◆ **WHAT YOU SHOULD DO**: For this exercise, copy exactly the lines below from the one with "院內床位爆滿，許多患者被暫時安置在院外分流區等待。（圖／達志影像歐新社）" through the one with "Shop Spaces with" and leave out the pictures.

BEGIN DATA RECORDS

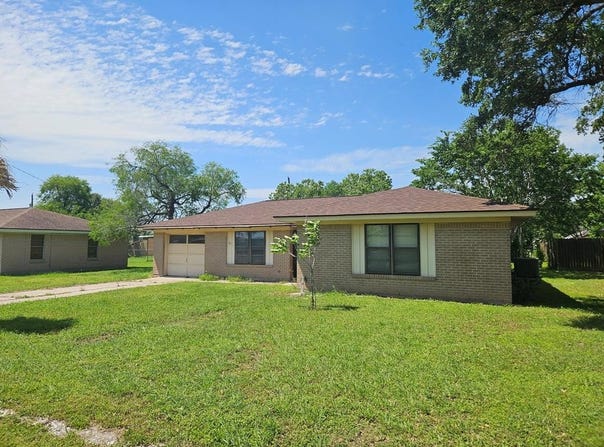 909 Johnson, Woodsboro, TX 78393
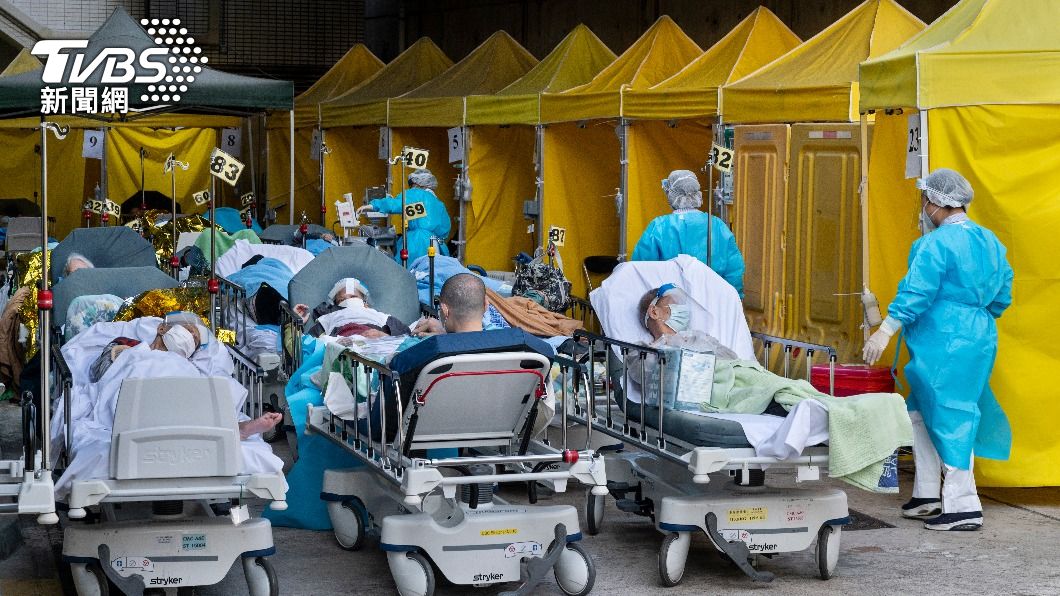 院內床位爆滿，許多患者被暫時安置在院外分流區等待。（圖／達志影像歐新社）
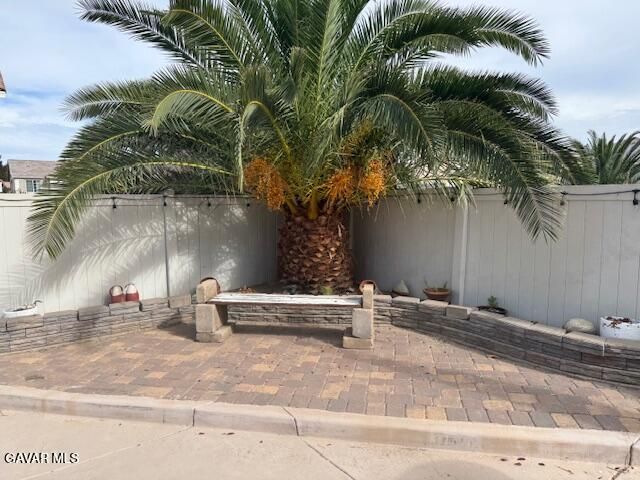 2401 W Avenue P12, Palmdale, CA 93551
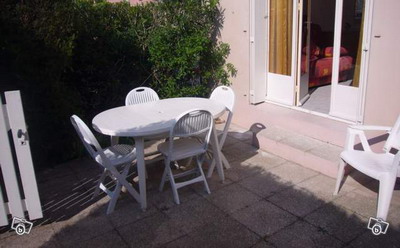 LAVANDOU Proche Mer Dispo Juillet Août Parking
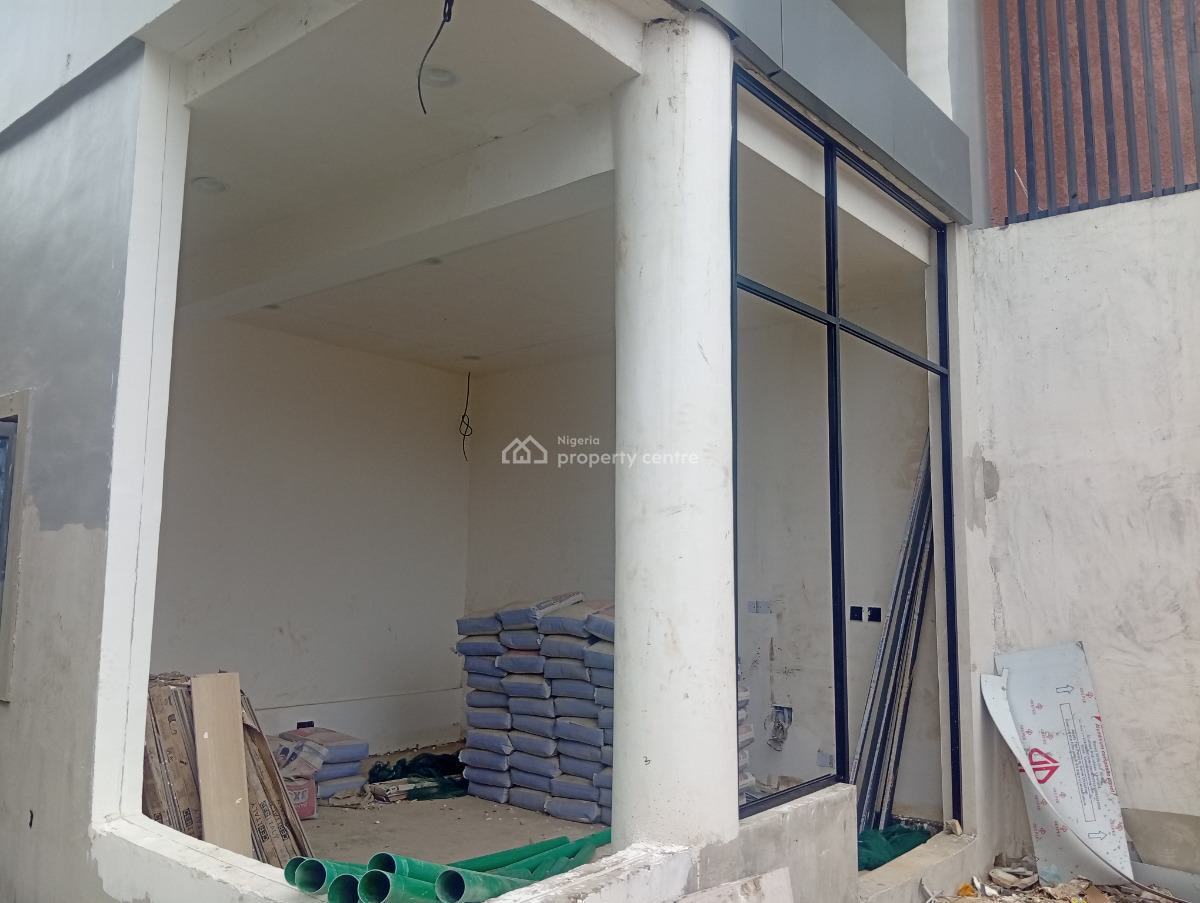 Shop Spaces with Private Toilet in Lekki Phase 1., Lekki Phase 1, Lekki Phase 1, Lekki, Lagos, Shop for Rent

END DATA RECORDS
BEGIN DATA RECORDS

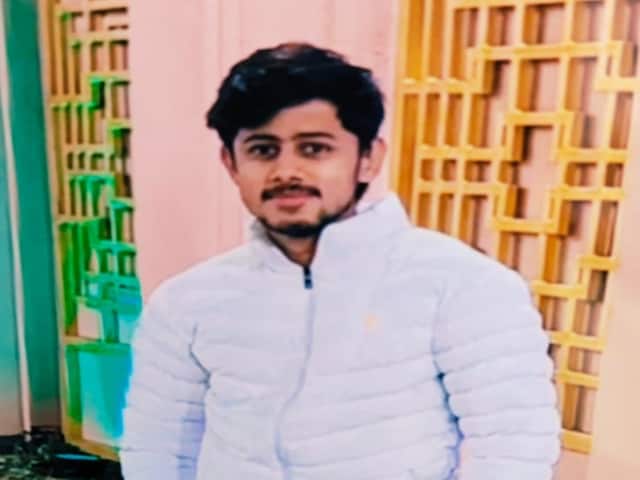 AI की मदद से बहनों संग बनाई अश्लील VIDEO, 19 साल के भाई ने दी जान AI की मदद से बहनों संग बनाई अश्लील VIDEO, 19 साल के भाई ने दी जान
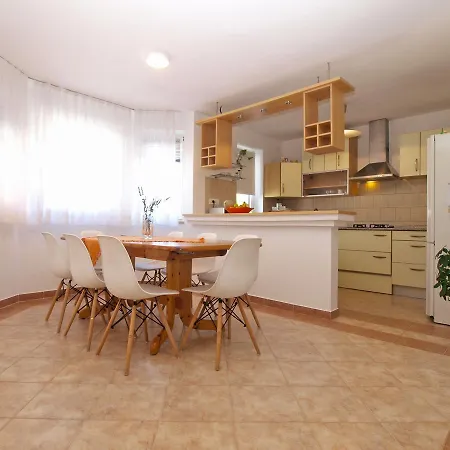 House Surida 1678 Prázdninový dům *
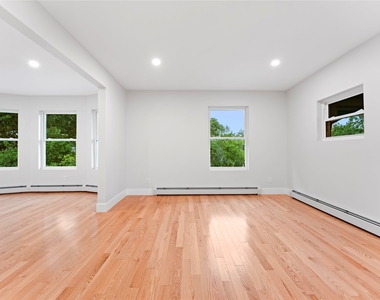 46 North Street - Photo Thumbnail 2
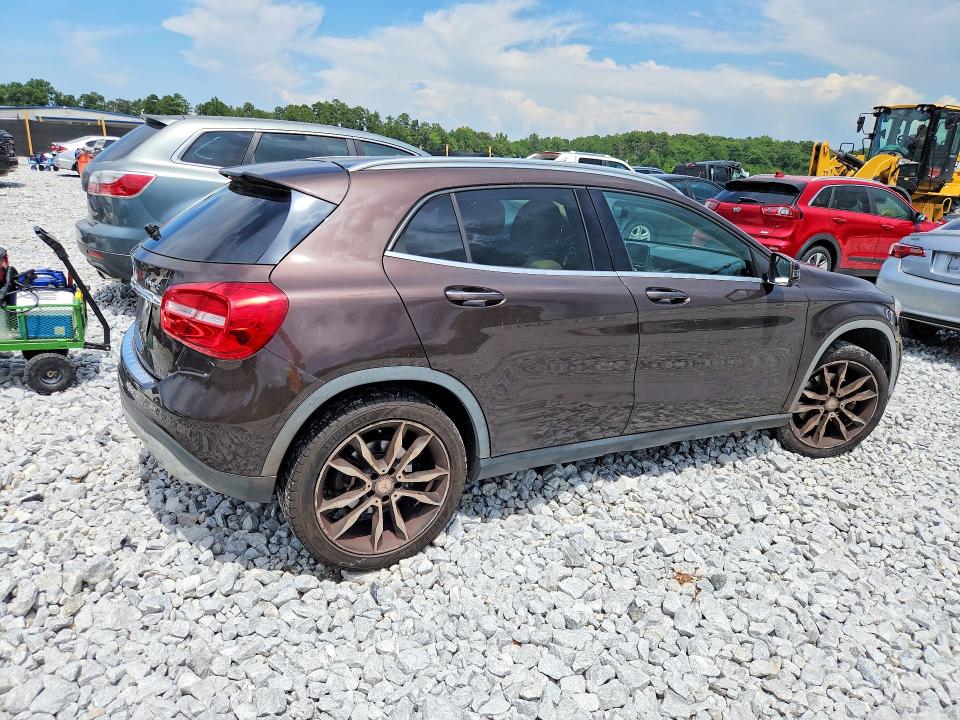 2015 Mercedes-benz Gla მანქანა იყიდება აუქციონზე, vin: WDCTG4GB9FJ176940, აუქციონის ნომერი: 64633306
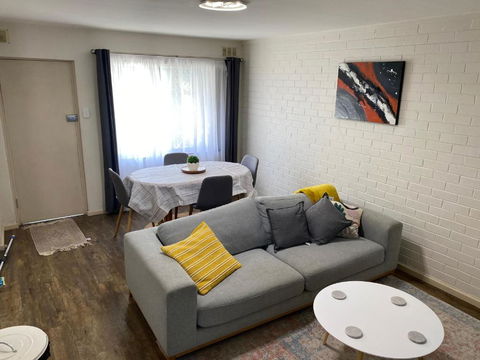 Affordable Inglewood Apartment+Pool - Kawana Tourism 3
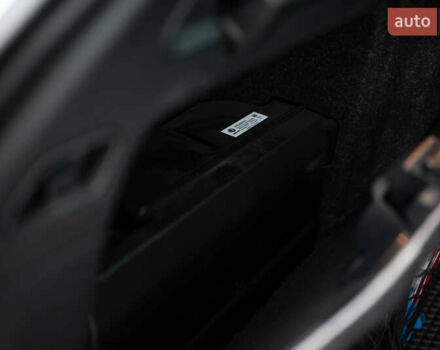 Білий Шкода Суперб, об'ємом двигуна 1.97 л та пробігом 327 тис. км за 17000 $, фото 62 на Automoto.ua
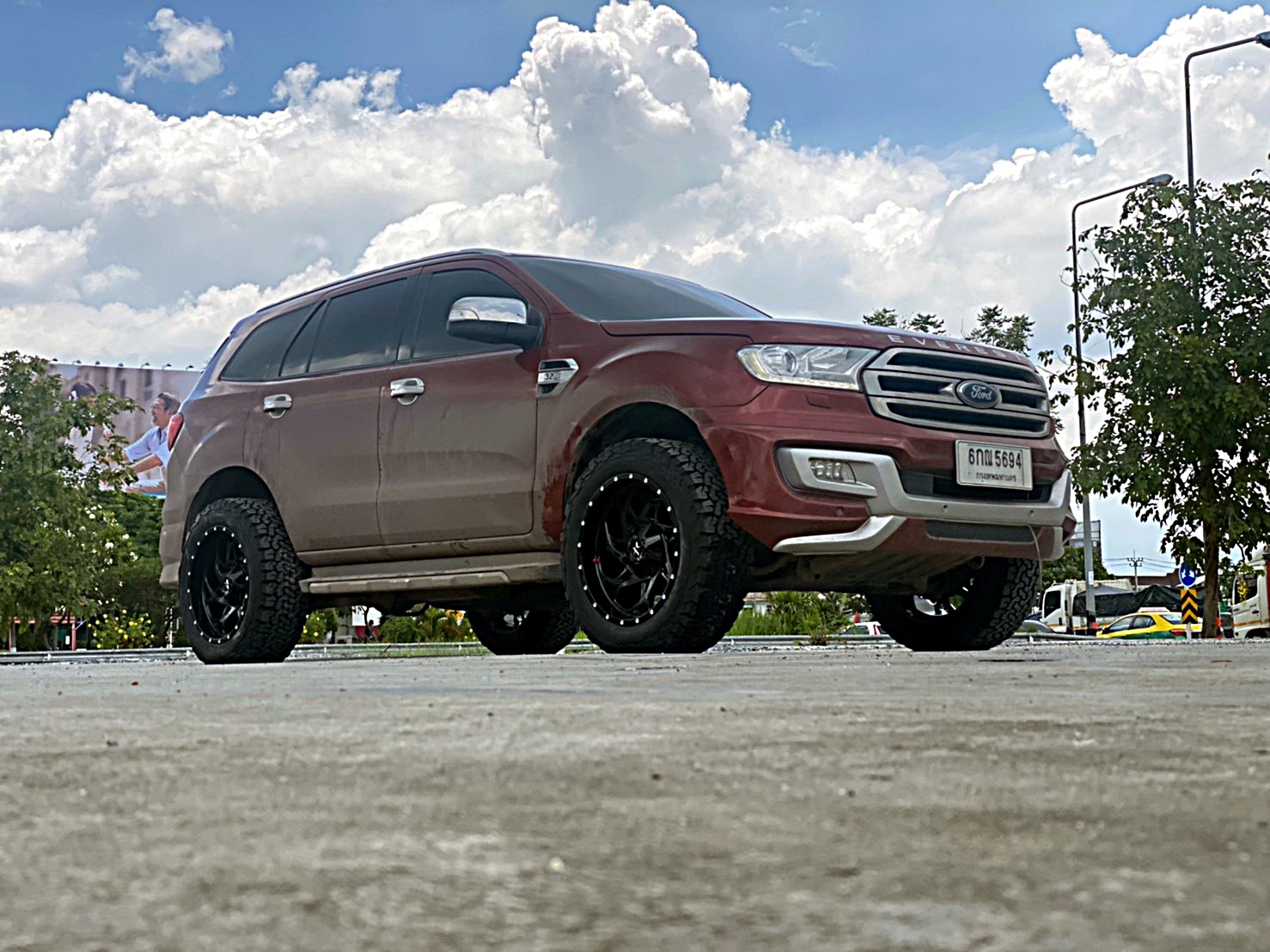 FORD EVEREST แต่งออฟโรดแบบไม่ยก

END DATA RECORDS

◆ **YOUR RESPONSE**:
 院內床位爆滿，許多患者被暫時安置在院外分流區等待。（圖／達志影像歐新社）
 2401 W Avenue P12, Palmdale, CA 93551
 LAVANDOU Proche Mer Dispo Juillet Août Parking
 Shop Spaces with Private Toilet in Lekki Phase 1., Lekki Phase 1, Lekki Phase 1, Lekki, Lagos, Shop for Rent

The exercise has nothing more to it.